Kinetics for the sulfuric acid‐catalyzed reactions of ethylene oxide with water and ethylene glycols

Abstract

AbstractAdiabatic calorimeter experiments have quantified the sulfuric acid‐catalyzed reaction of ethylene oxide (EO) with water to form ethylene glycol (EG) and higher glycols. Conditions were selected relevant to industrial safety, such as a scenario of reverse flow of acid from a scrubber to an EO tank. Concentrations of 25–95 wt% EO with acidified water of pH 3.0 down to pH –0.7 were examined. In some experiments, EG was also added to the mix.
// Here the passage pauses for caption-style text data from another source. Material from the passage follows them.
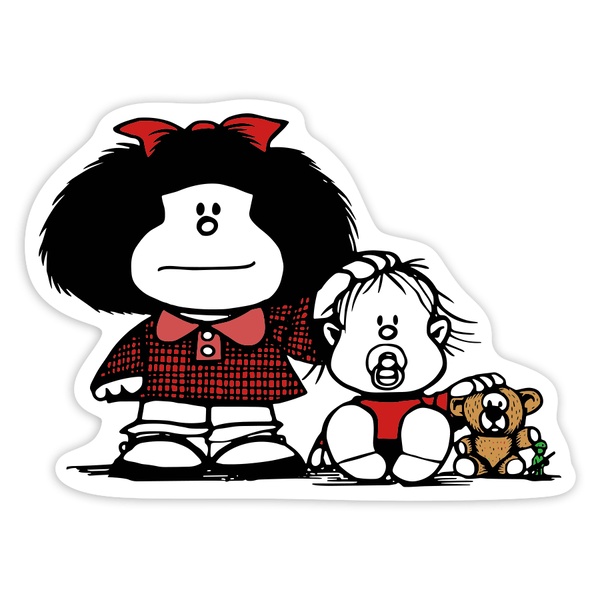 Adesivi per Auto e Moto: Mafalda e Guille con Orsetto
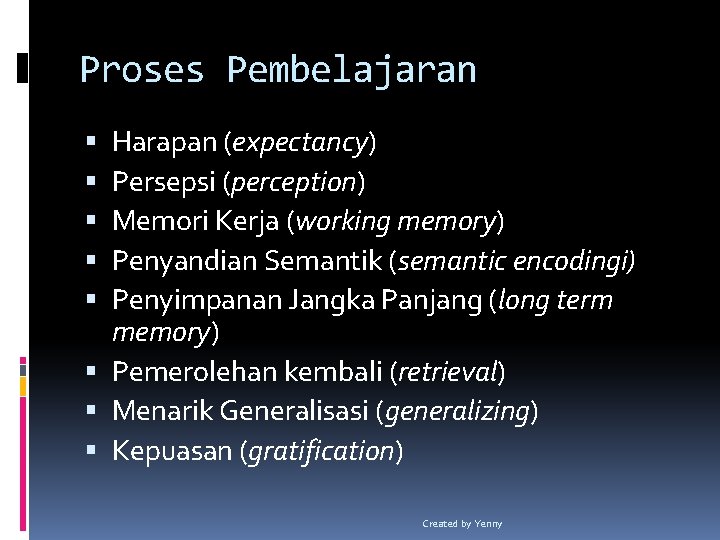 Proses Pembelajaran Harapan (expectancy) Persepsi (perception) Memori Kerja (working memory) Penyandian Semantik (semantic encodingi)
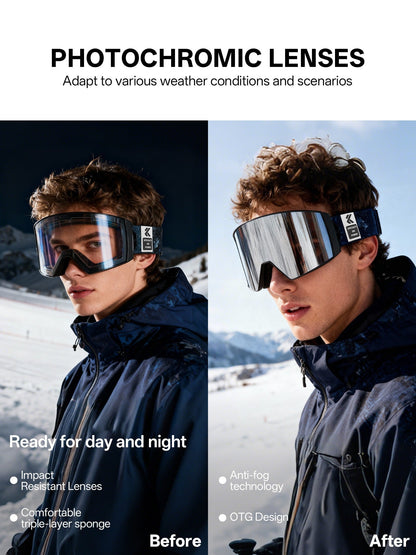 KAPVOE Ski Goggles with Magnet-Attached Interchangeable Lens Interface and Seven K721 Color Codes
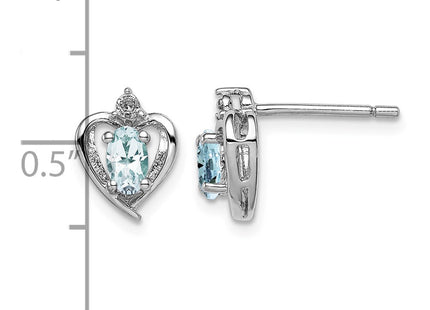 Sterling silver aquamarine earrings, further view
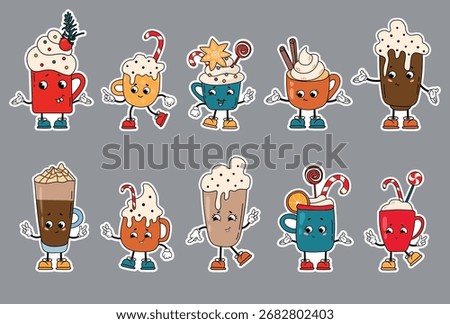 Set of stickers Cartoon Christmas drinks  Illustration. Kawaii coffee drinks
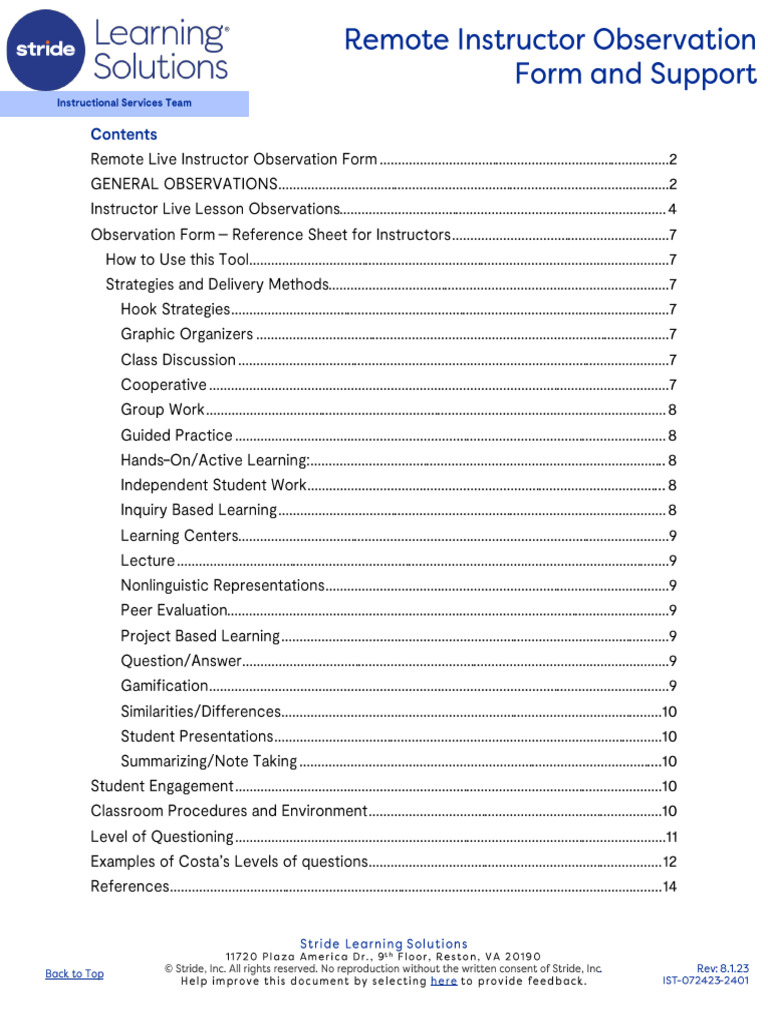 IST Remote Instructor Observation Form Support | PDF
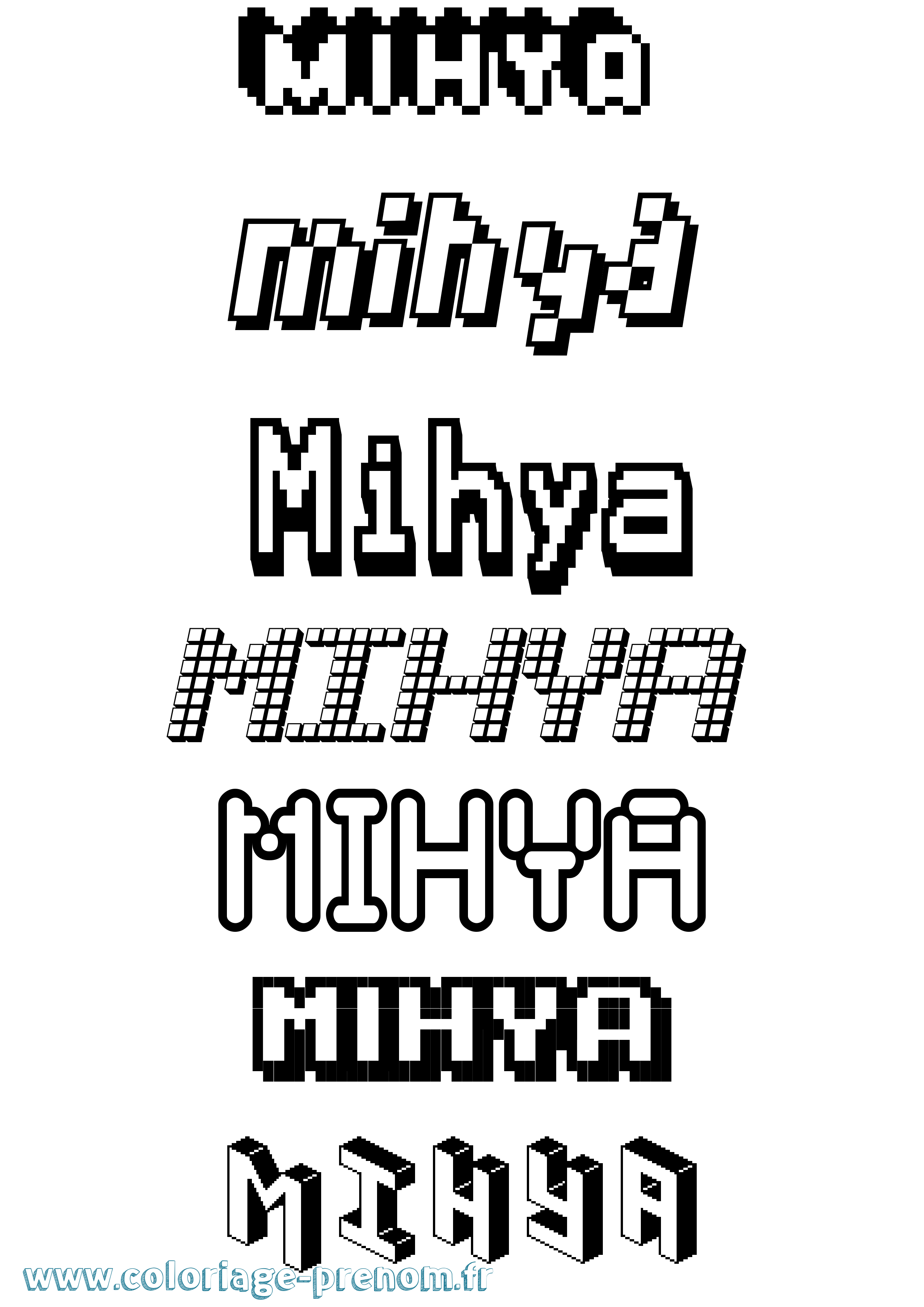 Coloriage Mihya Pixel Coloriage prénom Mihya Pixel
The best fit apparent reaction rate expression exhibits a 1.5 order in EO concentration, third order in water concentration, nearly first order in acid concentration, and an activation energy of 76,500 kJ/kmol. The reaction model provides an adequate fit of adiabatic self‐heat rate versus temperature, pressure rate versus temperature, pressure versus time, and temperature versus time data for a large number of APTAC (Automatic Pressure Tracking Adiabatic Calorimeter) experiments. The model builds on one previously developed for the neutral reactions of EO with water and EGs. A case study involving a sulfuric acid‐contaminated EO railcar is presented. The reaction model can help quantify the behavior of EO contaminated with sulfuric acid solution below about 120°C. Above this temperature, other reaction pathways not characterized in this study become more prominent.